EXCERPTED DATA →
▶

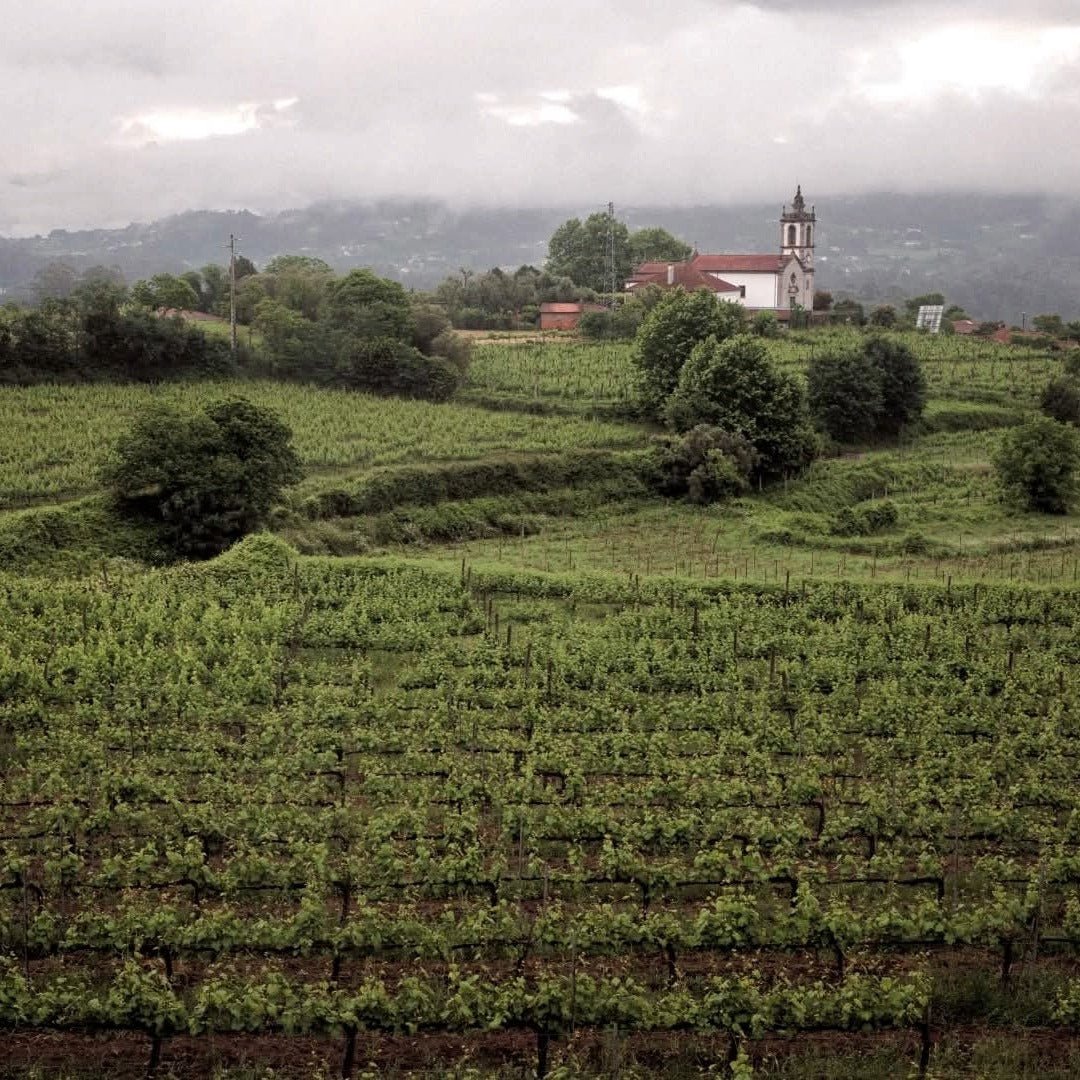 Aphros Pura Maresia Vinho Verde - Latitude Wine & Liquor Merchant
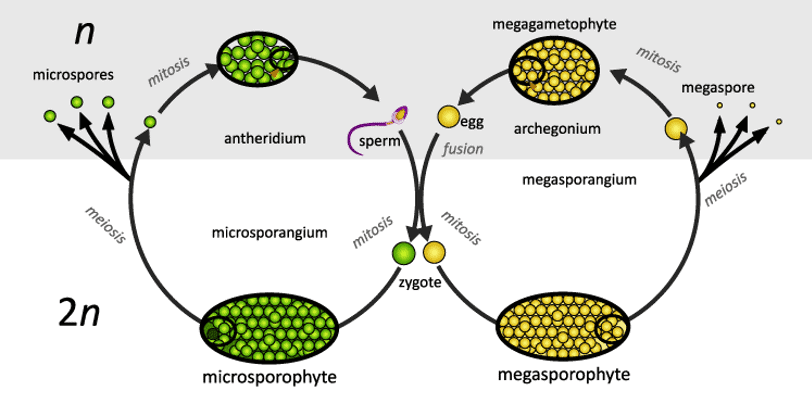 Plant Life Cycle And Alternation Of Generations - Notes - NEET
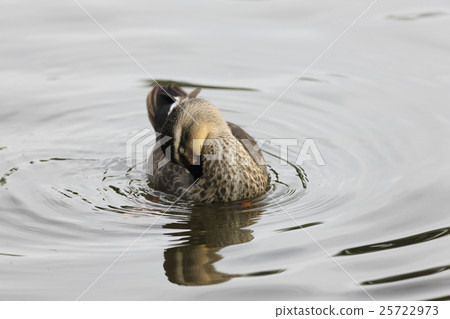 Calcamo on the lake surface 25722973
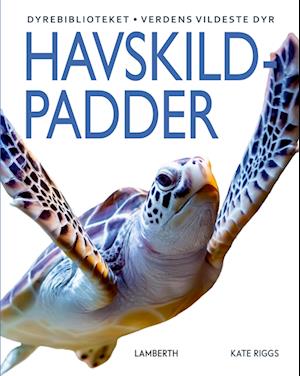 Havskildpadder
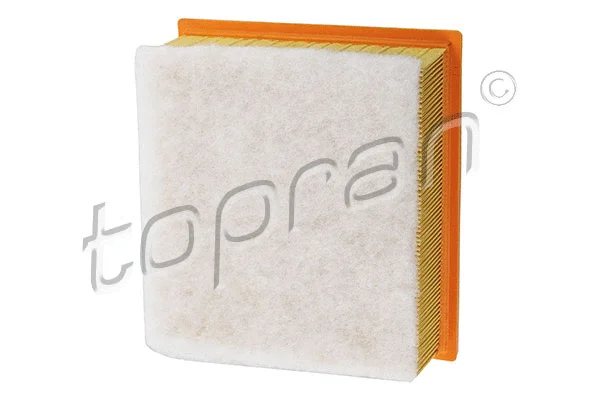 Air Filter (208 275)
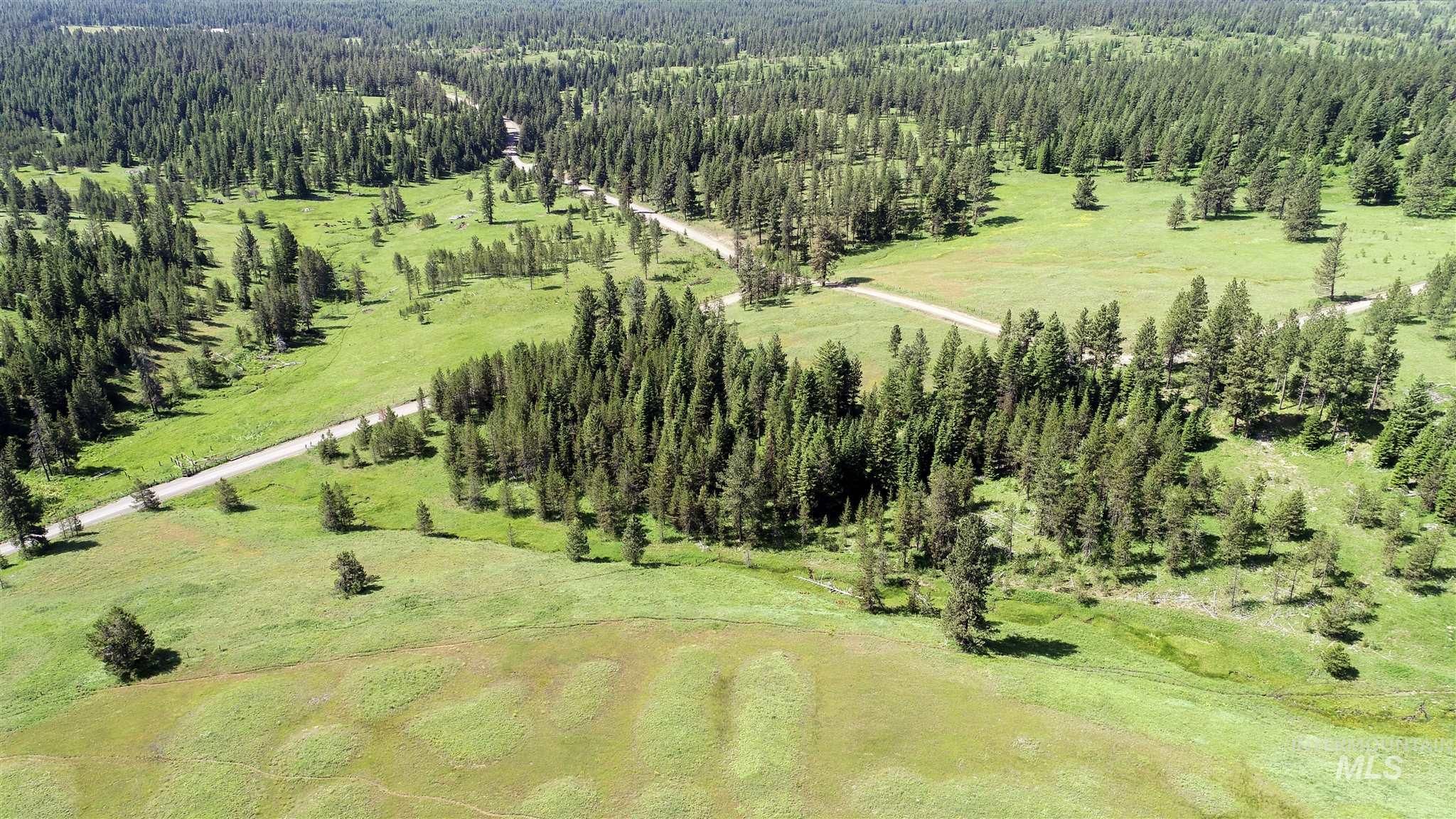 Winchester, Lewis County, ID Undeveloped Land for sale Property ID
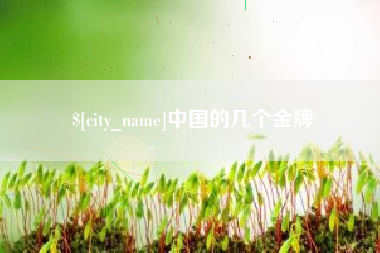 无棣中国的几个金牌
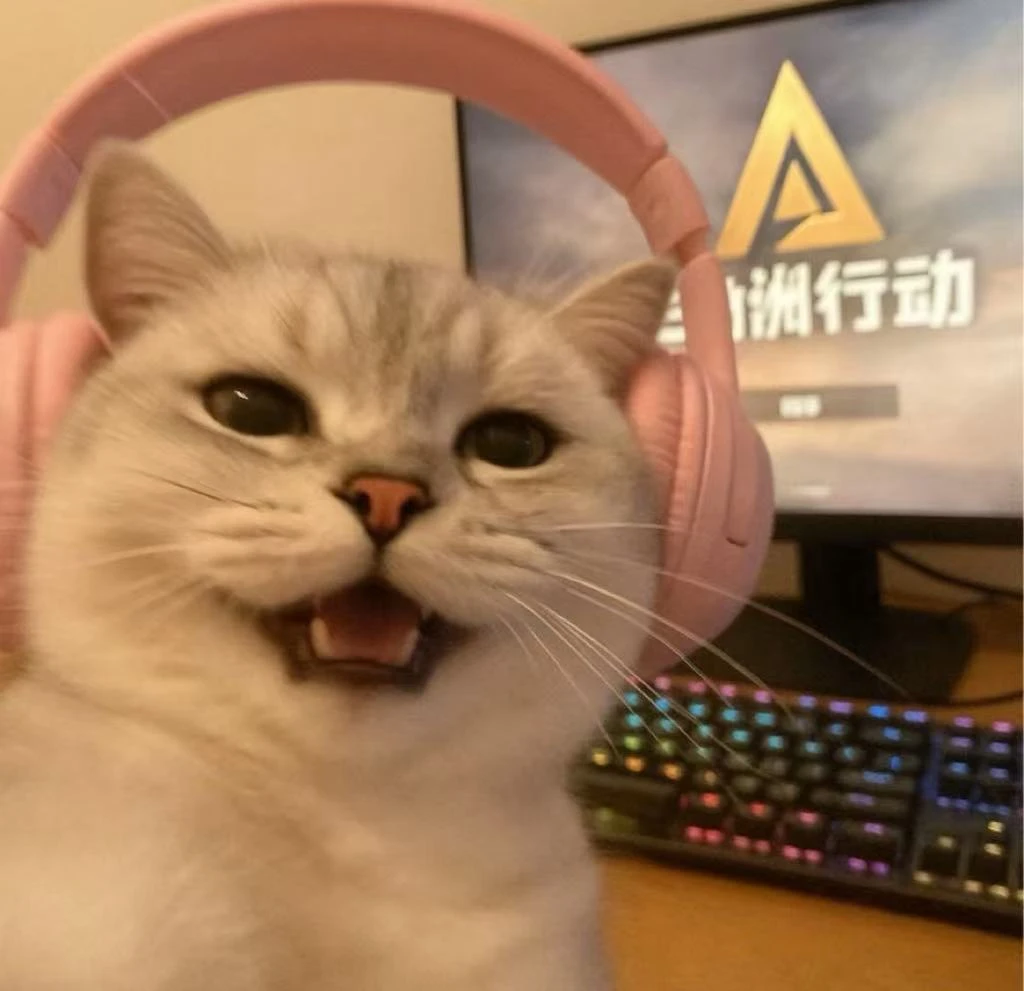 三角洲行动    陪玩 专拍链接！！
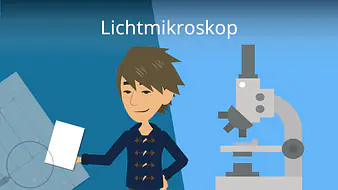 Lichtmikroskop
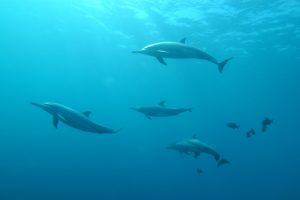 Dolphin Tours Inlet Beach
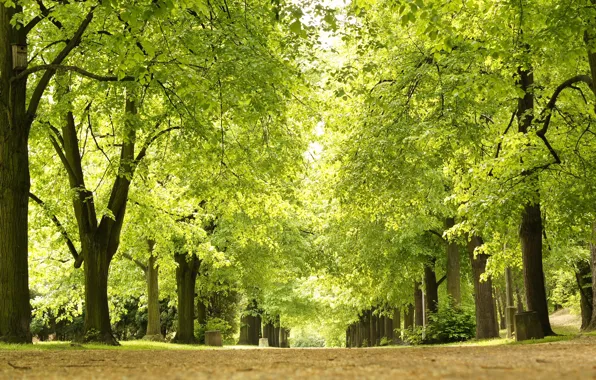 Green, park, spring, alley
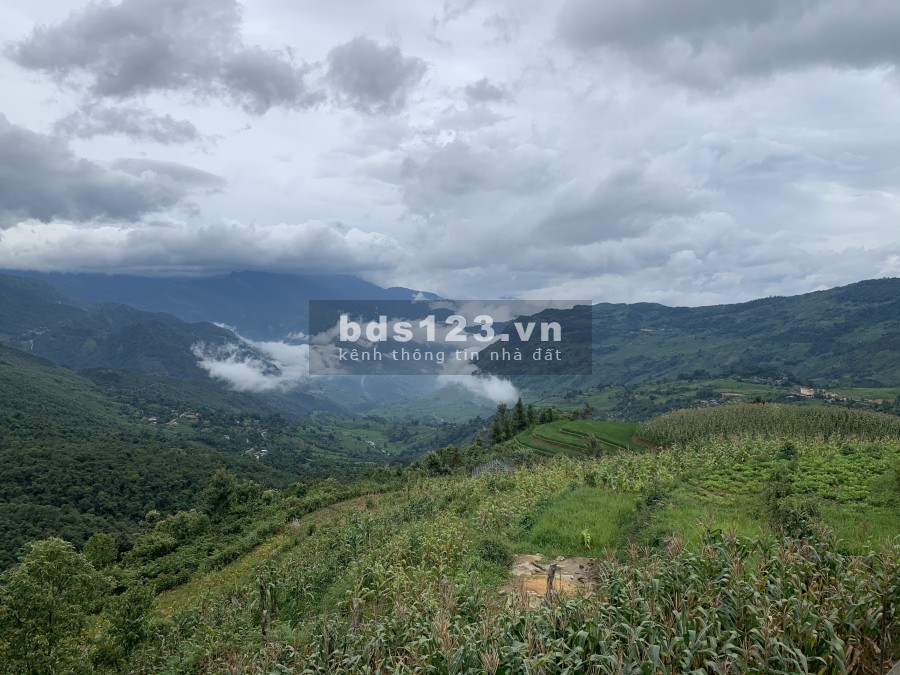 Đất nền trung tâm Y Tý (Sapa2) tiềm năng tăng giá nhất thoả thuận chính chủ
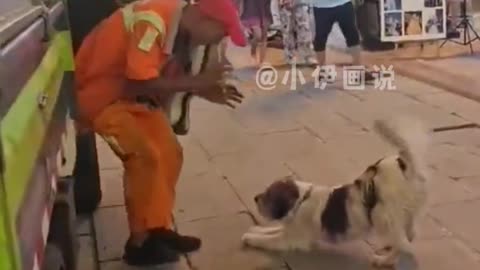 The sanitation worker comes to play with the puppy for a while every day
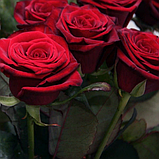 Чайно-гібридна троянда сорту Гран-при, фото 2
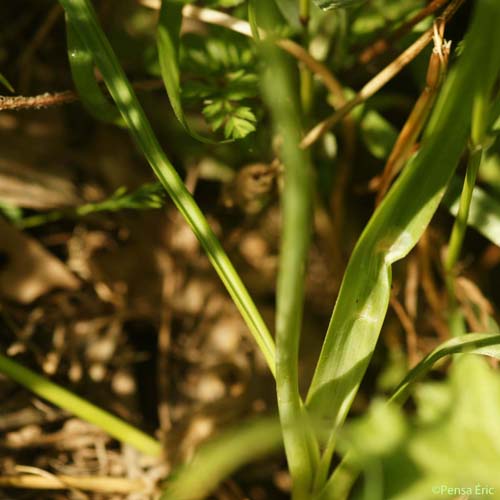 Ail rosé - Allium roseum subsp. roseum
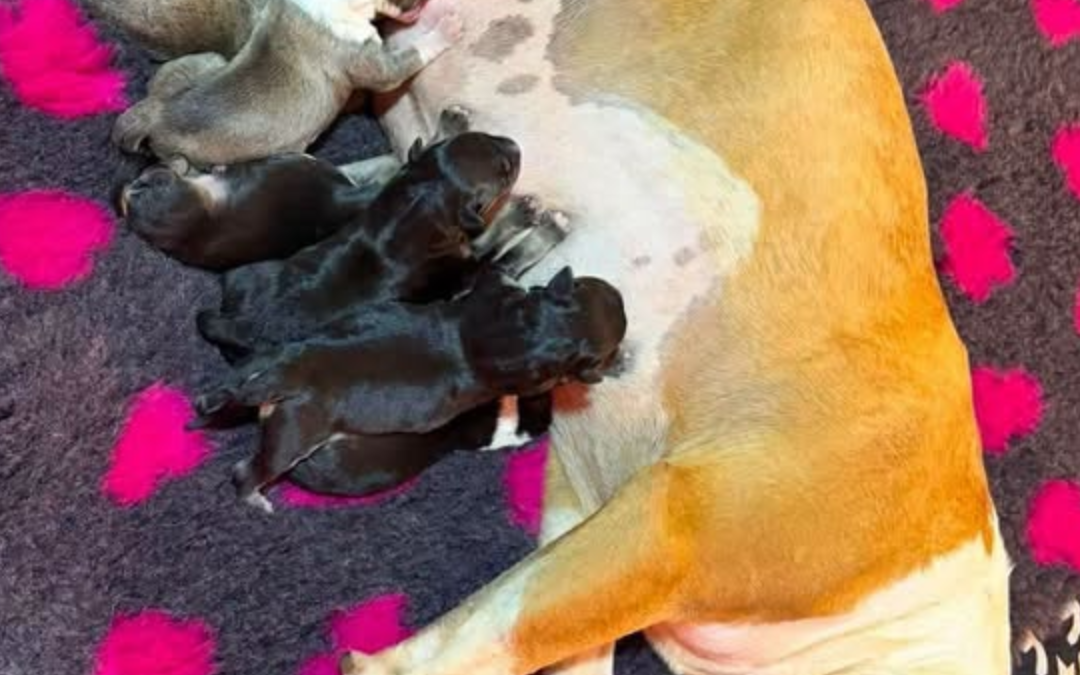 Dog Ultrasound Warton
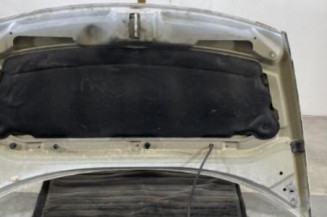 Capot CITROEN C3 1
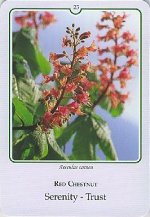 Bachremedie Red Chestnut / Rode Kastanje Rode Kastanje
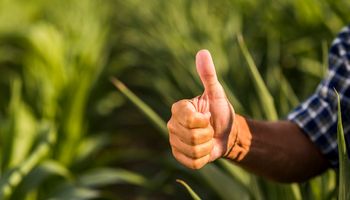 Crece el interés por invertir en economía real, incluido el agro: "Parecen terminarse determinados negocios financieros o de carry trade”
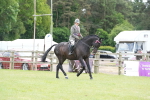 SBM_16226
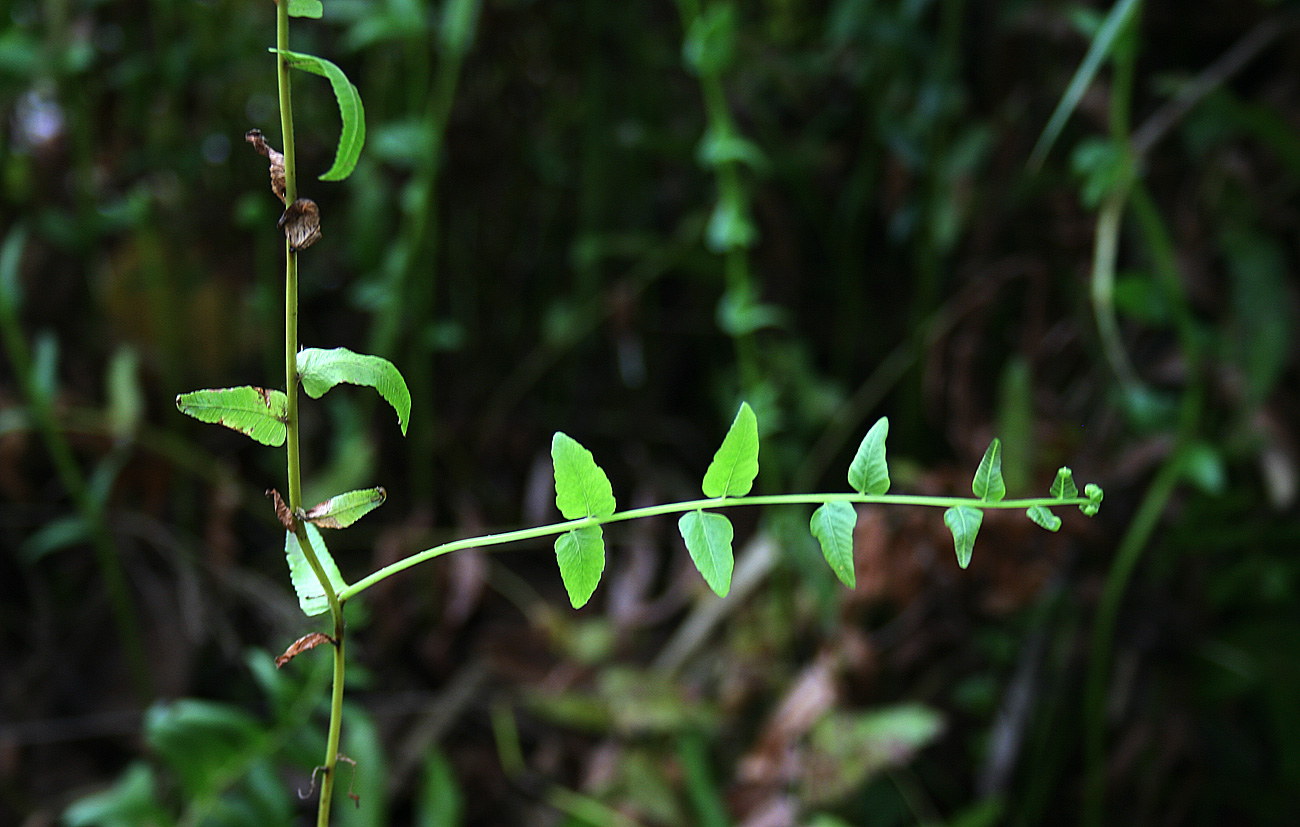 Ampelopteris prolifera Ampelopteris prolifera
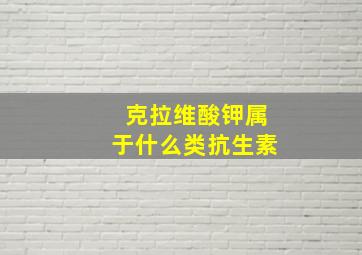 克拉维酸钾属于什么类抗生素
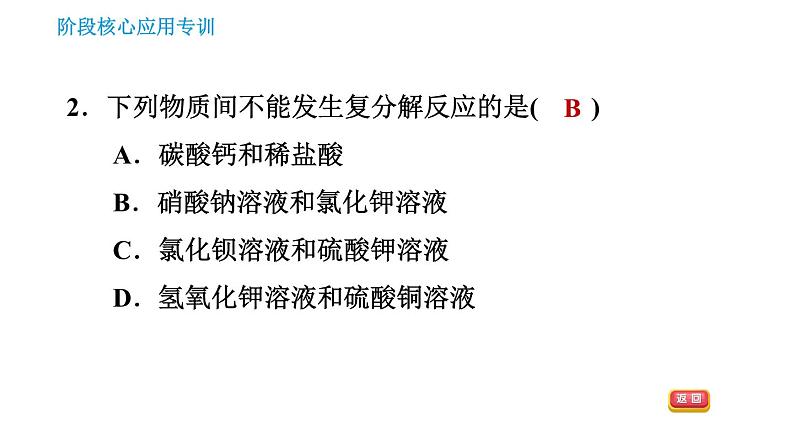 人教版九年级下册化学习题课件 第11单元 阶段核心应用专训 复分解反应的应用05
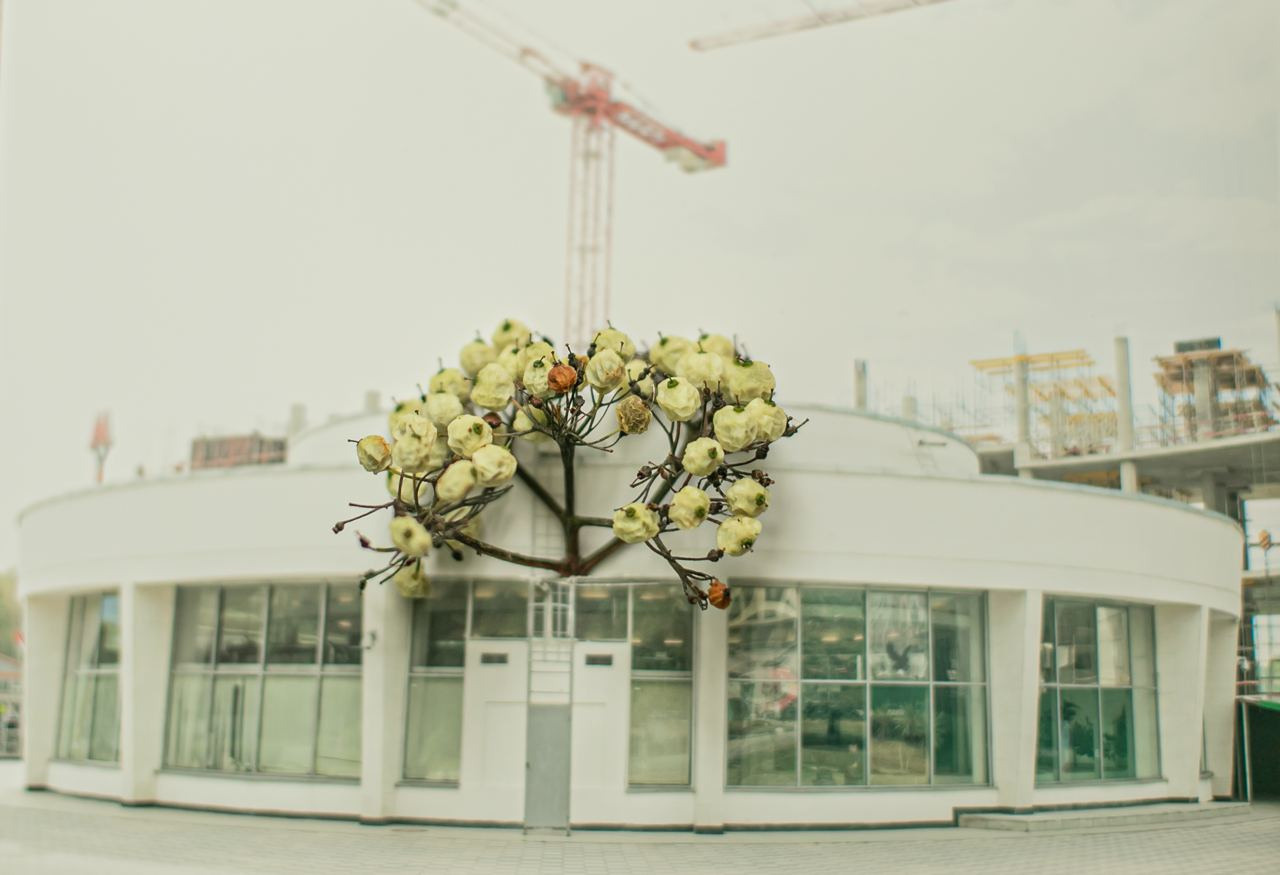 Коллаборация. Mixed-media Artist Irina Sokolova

◀

YOUR TASK → Go back to the line that contains "Bachremedie Red Chestnut" and copy it, along with each line after it through the end of the listing above, exactly and without pictures.

OUTPUT BELOW →
 Bachremedie Red Chestnut / Rode Kastanje Rode Kastanje
 Crece el interés por invertir en economía real, incluido el agro: "Parecen terminarse determinados negocios financieros o de carry trade”
 SBM_16226
 Ampelopteris prolifera Ampelopteris prolifera
 克拉维酸钾属于什么类抗生素
 人教版九年级下册化学习题课件 第11单元 阶段核心应用专训 复分解反应的应用05
 Коллаборация. Mixed-media Artist Irina Sokolova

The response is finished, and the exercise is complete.